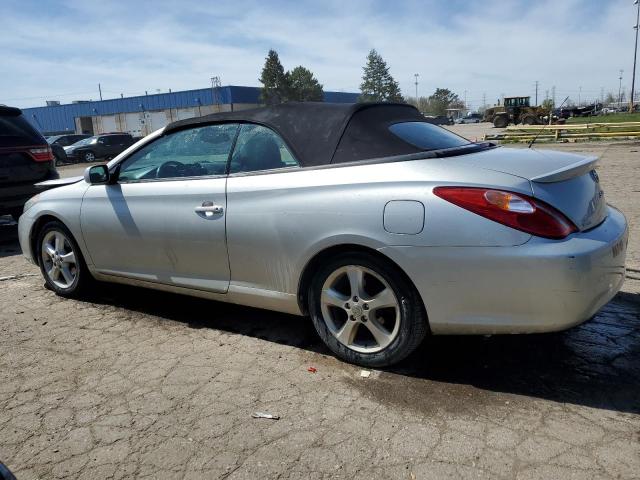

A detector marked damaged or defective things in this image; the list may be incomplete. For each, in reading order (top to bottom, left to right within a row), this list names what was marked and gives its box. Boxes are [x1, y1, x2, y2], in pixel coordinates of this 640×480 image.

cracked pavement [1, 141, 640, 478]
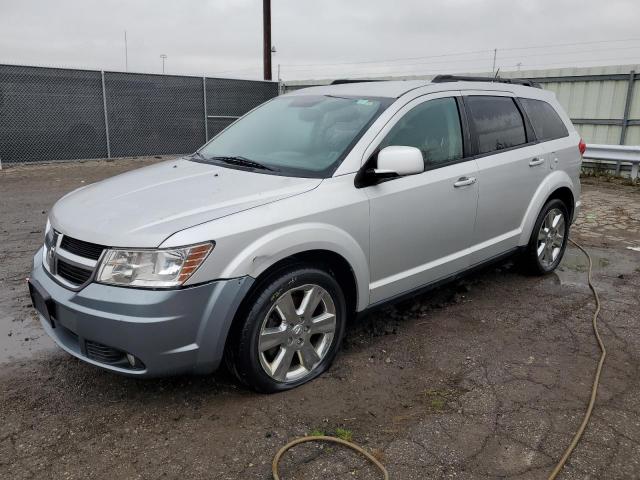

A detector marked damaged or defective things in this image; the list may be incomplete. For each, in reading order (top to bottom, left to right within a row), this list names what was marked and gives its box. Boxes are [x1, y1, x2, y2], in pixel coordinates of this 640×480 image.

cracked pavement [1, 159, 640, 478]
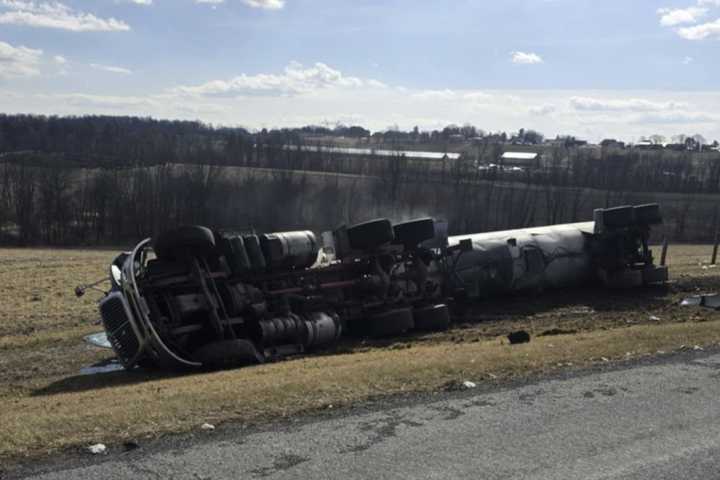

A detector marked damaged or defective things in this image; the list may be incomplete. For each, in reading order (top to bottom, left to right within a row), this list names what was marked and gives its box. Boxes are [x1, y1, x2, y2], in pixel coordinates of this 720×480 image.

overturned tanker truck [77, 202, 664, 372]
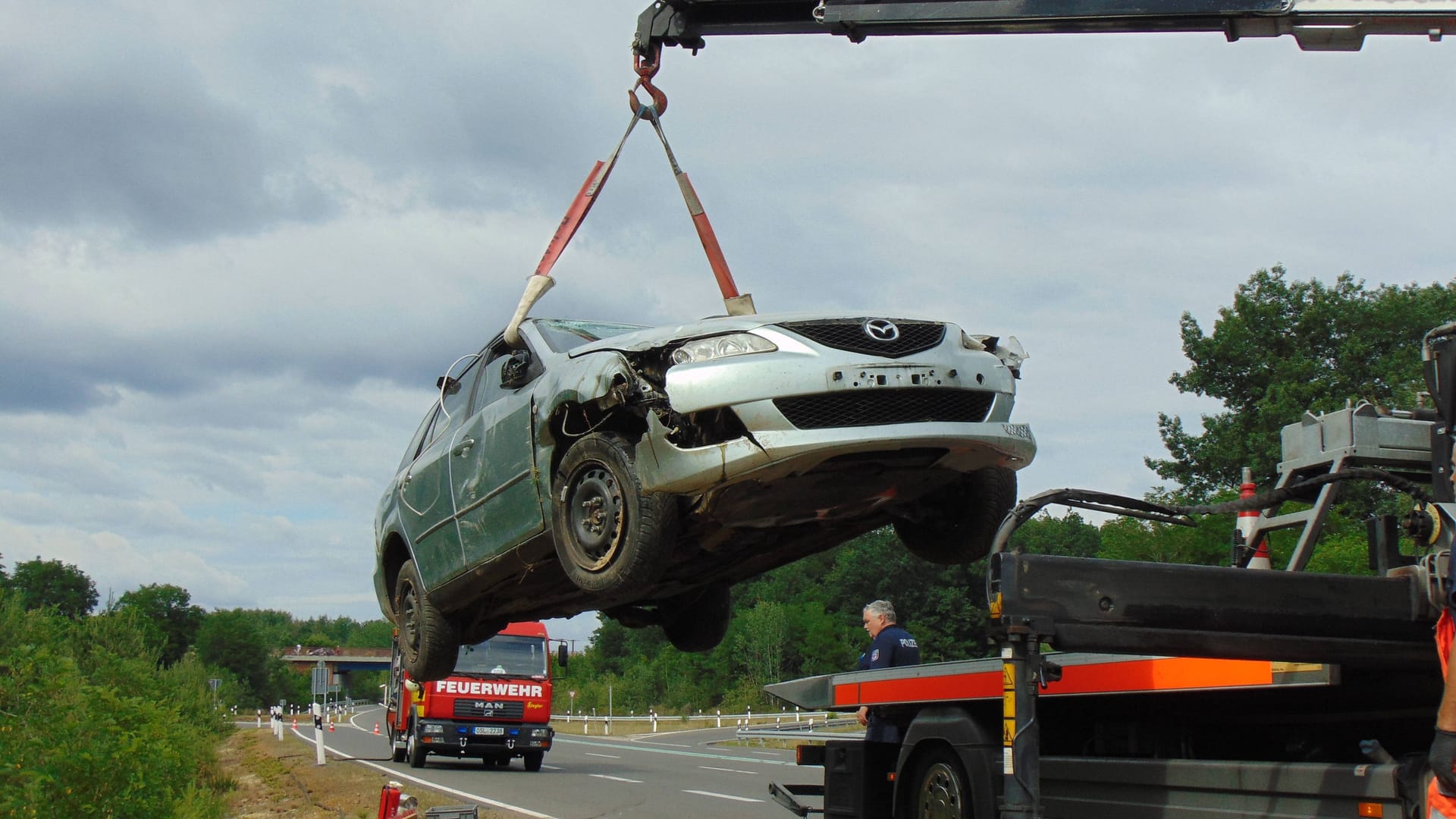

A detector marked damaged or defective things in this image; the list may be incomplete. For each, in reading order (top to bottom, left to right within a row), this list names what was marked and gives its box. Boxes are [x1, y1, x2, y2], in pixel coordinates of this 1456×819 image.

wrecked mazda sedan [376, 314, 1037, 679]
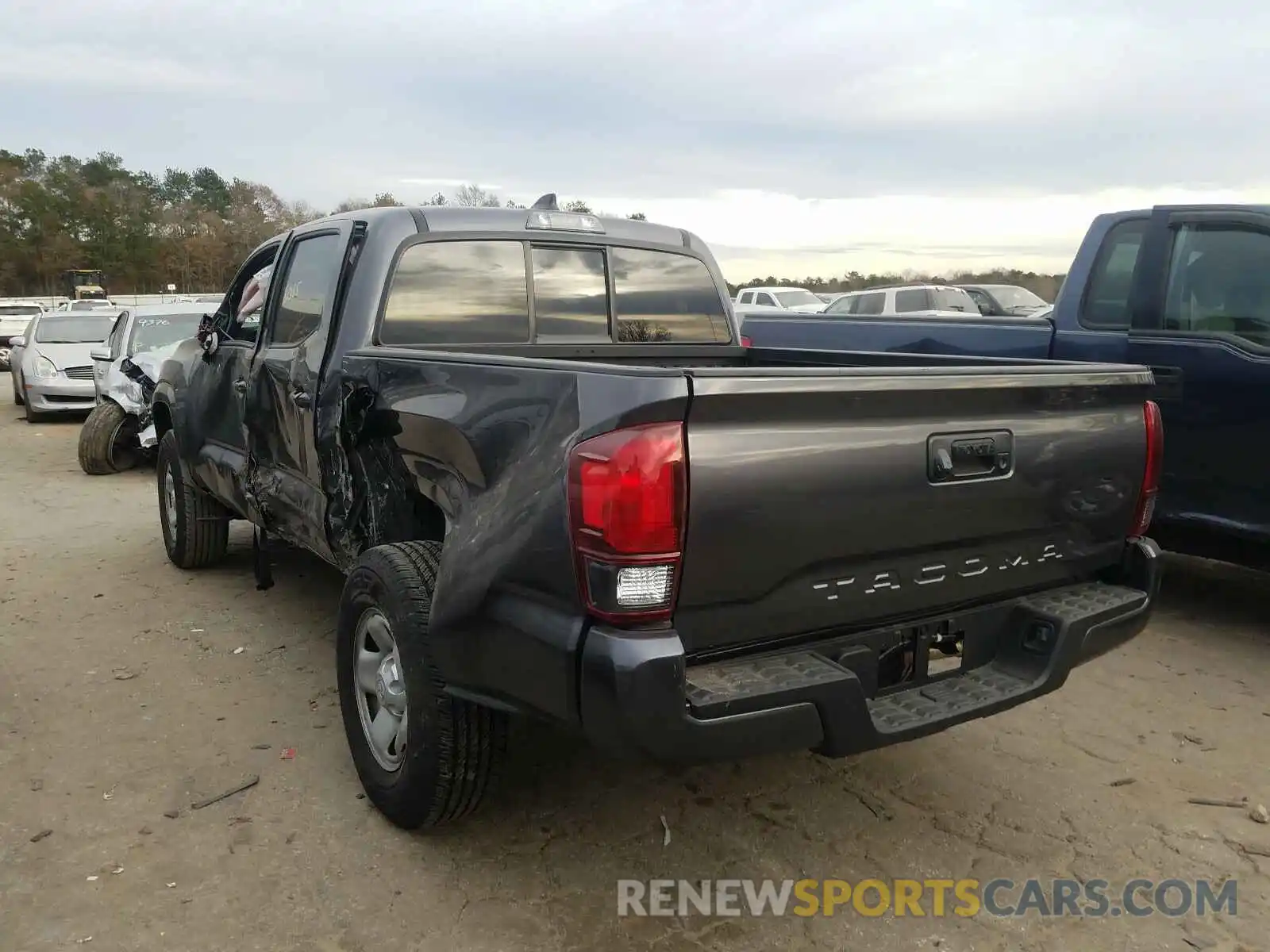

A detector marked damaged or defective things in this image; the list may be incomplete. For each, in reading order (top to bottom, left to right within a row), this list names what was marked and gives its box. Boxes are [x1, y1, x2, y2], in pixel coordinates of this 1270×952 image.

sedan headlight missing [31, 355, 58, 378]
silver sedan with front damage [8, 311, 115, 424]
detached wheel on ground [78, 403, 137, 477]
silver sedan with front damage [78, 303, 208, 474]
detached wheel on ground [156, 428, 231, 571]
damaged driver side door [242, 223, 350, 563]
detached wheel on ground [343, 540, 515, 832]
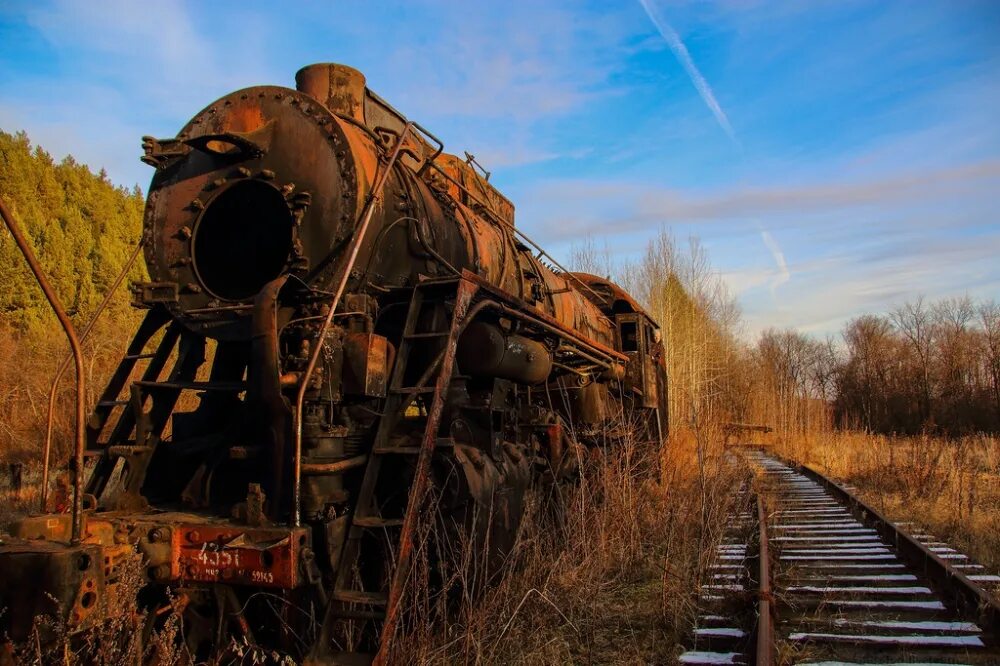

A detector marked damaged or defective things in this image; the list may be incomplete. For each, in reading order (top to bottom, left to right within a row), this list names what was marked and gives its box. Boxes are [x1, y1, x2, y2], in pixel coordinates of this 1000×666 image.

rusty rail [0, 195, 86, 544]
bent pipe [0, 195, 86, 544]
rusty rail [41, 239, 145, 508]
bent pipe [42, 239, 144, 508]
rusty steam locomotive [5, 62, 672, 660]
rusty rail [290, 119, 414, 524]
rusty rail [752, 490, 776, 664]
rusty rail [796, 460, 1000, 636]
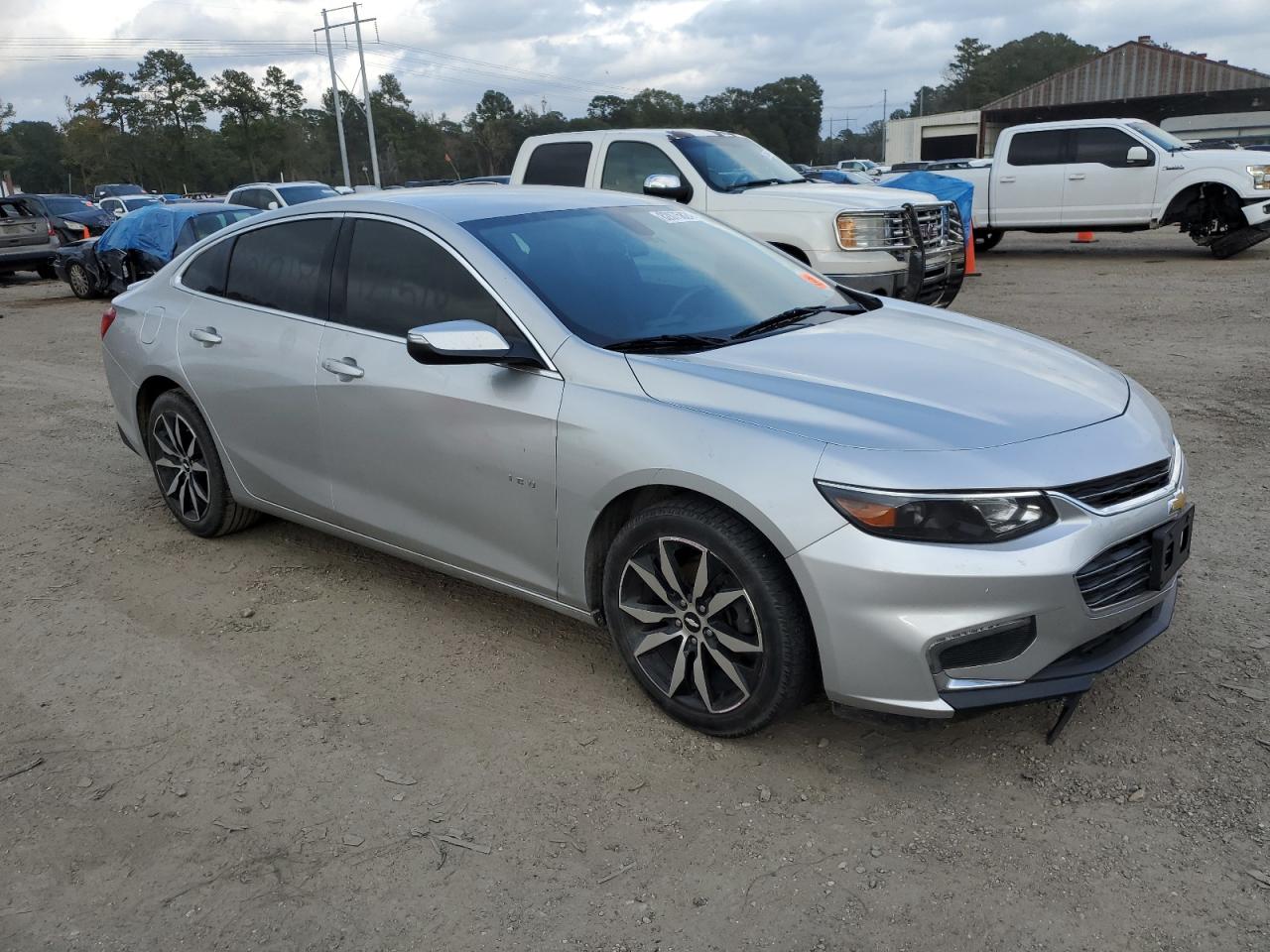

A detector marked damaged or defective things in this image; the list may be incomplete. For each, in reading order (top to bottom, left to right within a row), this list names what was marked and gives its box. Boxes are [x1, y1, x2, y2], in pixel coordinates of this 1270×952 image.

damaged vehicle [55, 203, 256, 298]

> _Task details_:
Repeat the listing verbatim. Skip the pictures.

> _Output for this exercise_:
A detector marked damaged or defective things in this image; the list may be incomplete. For each, in reading order (top to bottom, left to right within a row), this list names what was marked and gives its box. Boxes are [x1, y1, x2, y2], in pixel coordinates of this 640×480 image.

cracked pavement [1, 141, 640, 478]

A detector marked damaged or defective things in this image; the list may be incomplete. For each, in reading order (top to bottom, left to right within a row), this list names what was marked and gives its box. Boxes are [x1, y1, x2, y2], in pixel coordinates of this 640×480 image.

cracked pavement [1, 159, 640, 478]

A detector marked damaged or defective things in this image; the list may be incomplete. For each, in reading order (top to bottom, left to right within a row), this list names what was marked and gives its box. Boxes are [x1, y1, x2, y2], in pixel coordinates of this 720×480 image.

overturned tanker truck [77, 202, 664, 372]

A detector marked damaged or defective things in this image; the list may be incomplete. For each, in reading order (top to bottom, left to right within a row), this list names what was marked and gives its box. Boxes are [x1, y1, x2, y2], in pixel coordinates of this 1456×819 image.

wrecked mazda sedan [376, 314, 1037, 679]

A detector marked damaged or defective things in this image; the list may be incomplete. For each, in reading order (top to bottom, left to right within a row), this list names what was marked and gives its box. Boxes are [x1, y1, x2, y2], in pixel coordinates of this 1270×952 image.

sedan headlight missing [31, 355, 58, 378]
silver sedan with front damage [8, 311, 115, 424]
detached wheel on ground [78, 403, 137, 477]
silver sedan with front damage [78, 303, 208, 474]
detached wheel on ground [156, 428, 231, 571]
damaged driver side door [242, 223, 350, 563]
detached wheel on ground [343, 540, 515, 832]

A detector marked damaged or defective things in this image; the list may be incomplete. For each, in reading order (top to bottom, left to right within a row), this list names what was marked and gives its box. Boxes are [x1, y1, x2, y2], in pixel coordinates of this 1000×666 image.

rusty rail [0, 195, 86, 544]
bent pipe [0, 195, 86, 544]
rusty rail [41, 239, 145, 508]
bent pipe [42, 239, 144, 508]
rusty steam locomotive [5, 62, 672, 660]
rusty rail [290, 119, 414, 524]
rusty rail [752, 490, 776, 664]
rusty rail [796, 460, 1000, 636]

A detector marked damaged or defective things in this image; the list may be incomplete. For each, in reading order (top to bottom, left to right within a row), this list names what was marked and gives its box. Boxes are [x1, y1, x2, y2], in pixel coordinates of this 1270×952 image.

damaged vehicle [55, 203, 256, 298]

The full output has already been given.